What you have to do: A faithful, word-for-word copy of the records is required, and it must contain no pictures.

Dataset records:
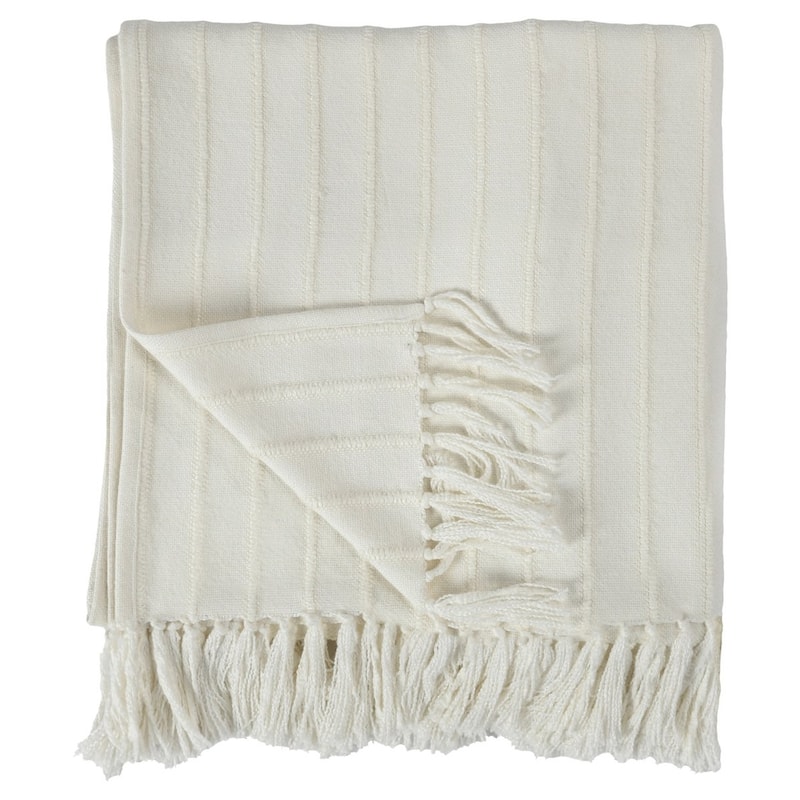 Hendri 50"x70" Throw Blanket, by Kosas Home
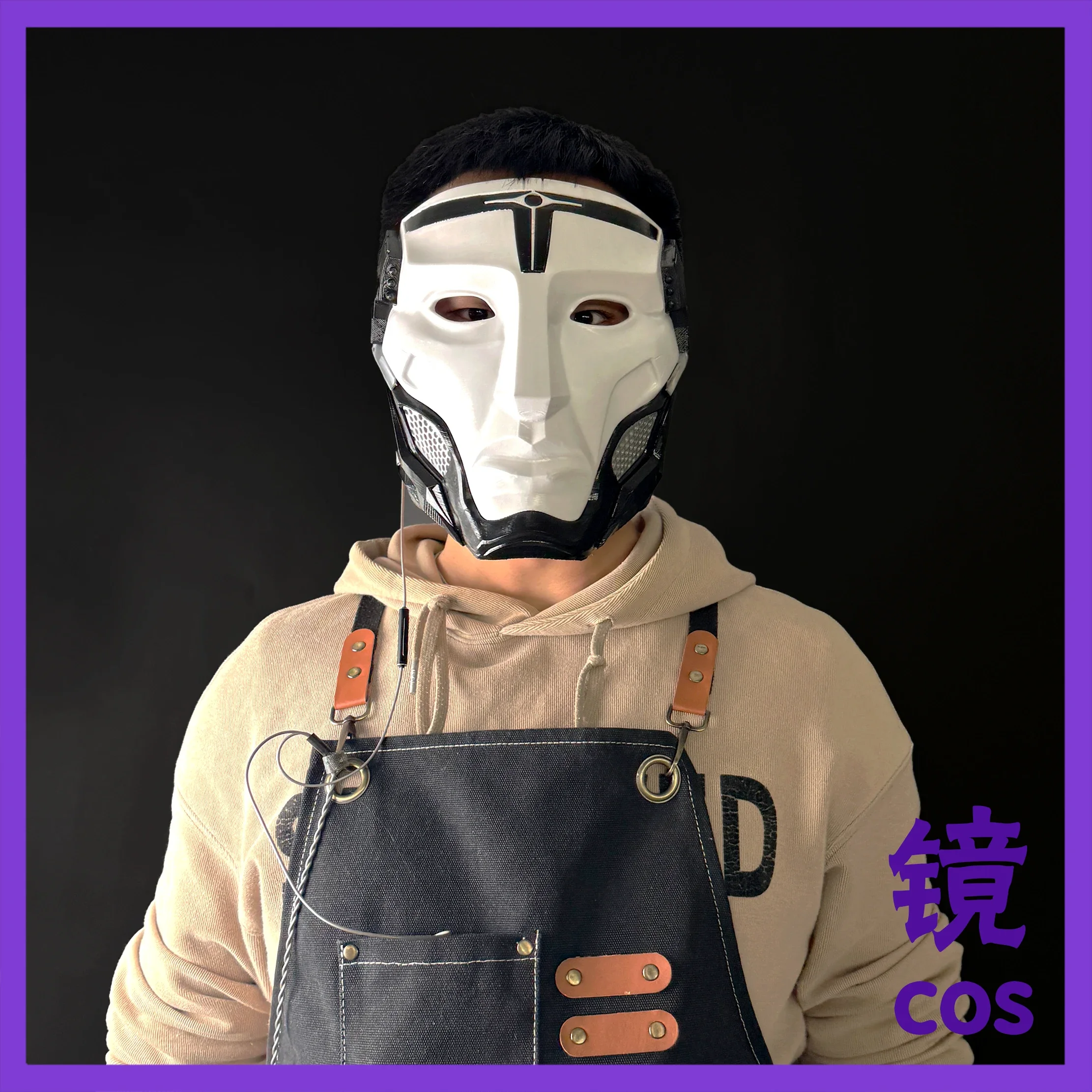 Game Delta Force Warden Ghroth Mask Prop Cosplay Props Halloween Christmas Fancy Party Costumes Accessories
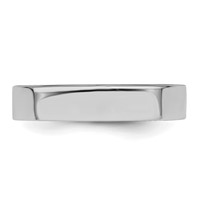 Sterling Silver Rhodium-plated 4mm Flat Band view 4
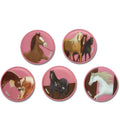 Ergobag Kletties-Set, Pferde im Galopp – Produktansicht 1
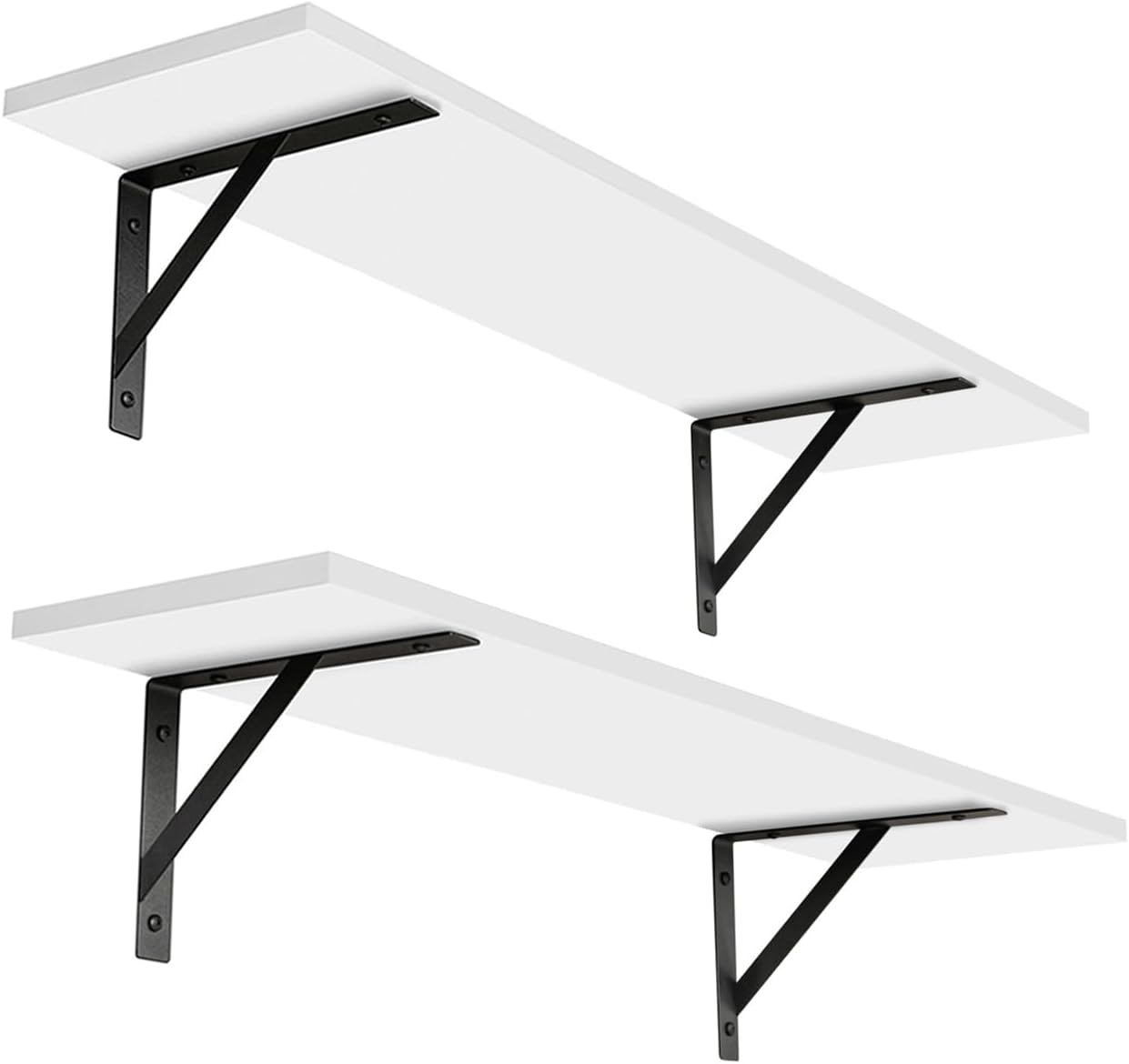 DINZI LVJ Long Wall Shelves Set of 2 for Stylish Storage
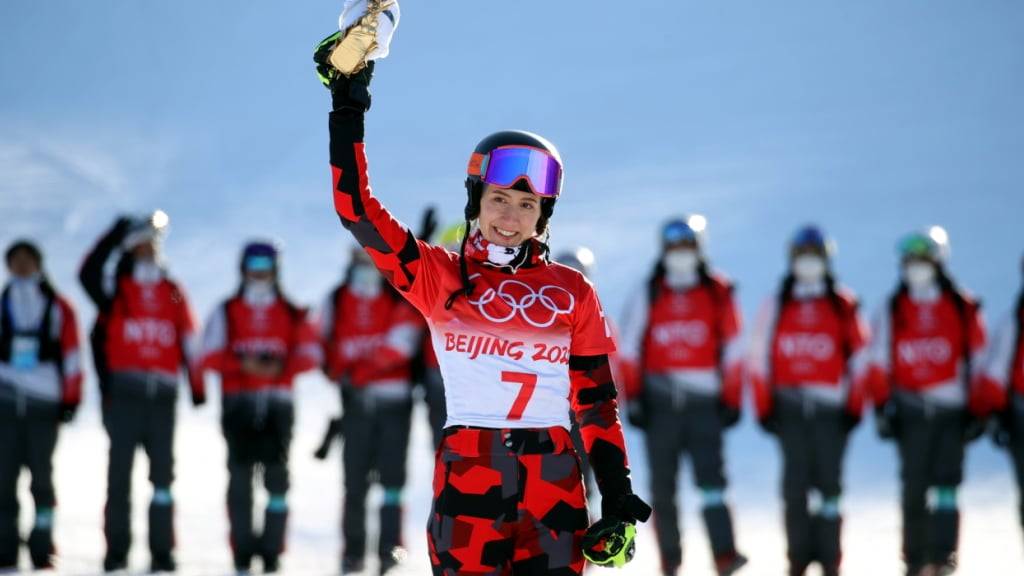 2022 an den Winterspielen in Peking gewann Daniela Ulbing die Silbermedaille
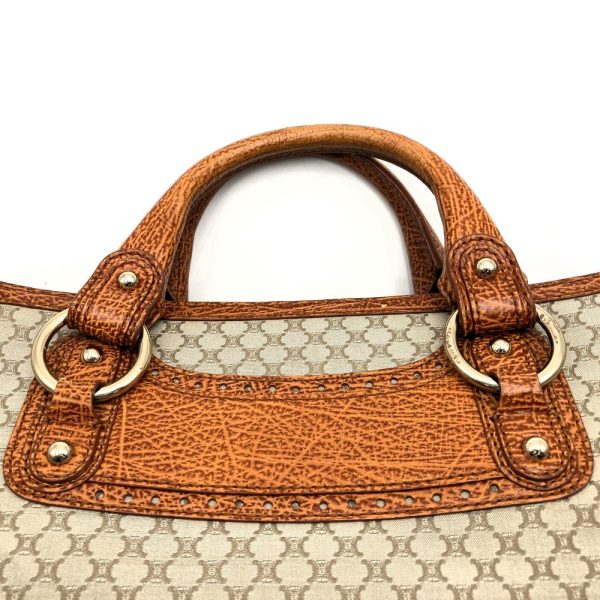 itq315y37zzk 5 Celine Canvas Leather Boogie Bag Beige Camel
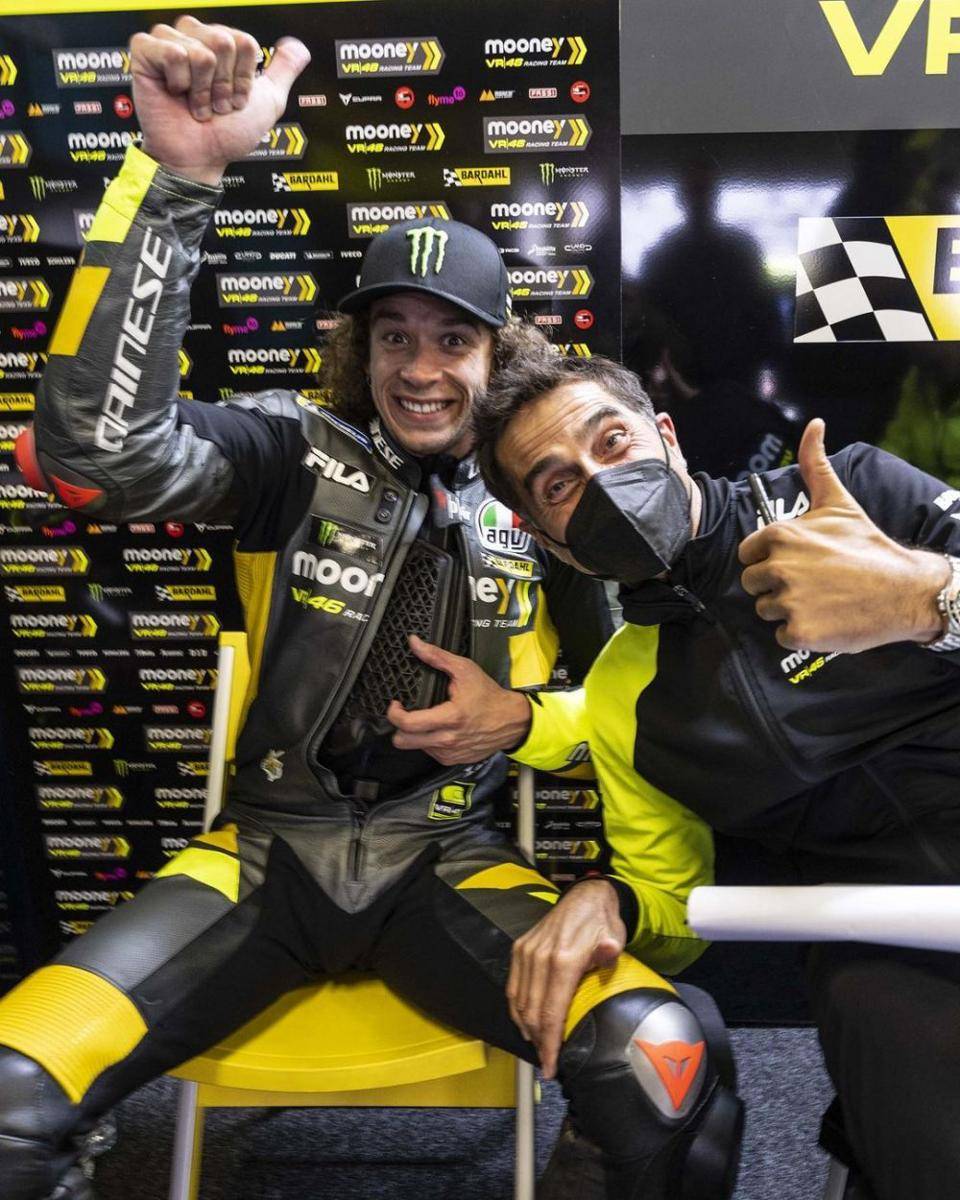 Marco Bezzecchi dan Matteo Flamigni (instagram.com/vr46racingteam)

Solution for this task:
 Hendri 50"x70" Throw Blanket, by Kosas Home
 Game Delta Force Warden Ghroth Mask Prop Cosplay Props Halloween Christmas Fancy Party Costumes Accessories
 Sterling Silver Rhodium-plated 4mm Flat Band view 4
 Ergobag Kletties-Set, Pferde im Galopp – Produktansicht 1
 DINZI LVJ Long Wall Shelves Set of 2 for Stylish Storage
 2022 an den Winterspielen in Peking gewann Daniela Ulbing die Silbermedaille
 itq315y37zzk 5 Celine Canvas Leather Boogie Bag Beige Camel
 Marco Bezzecchi dan Matteo Flamigni (instagram.com/vr46racingteam)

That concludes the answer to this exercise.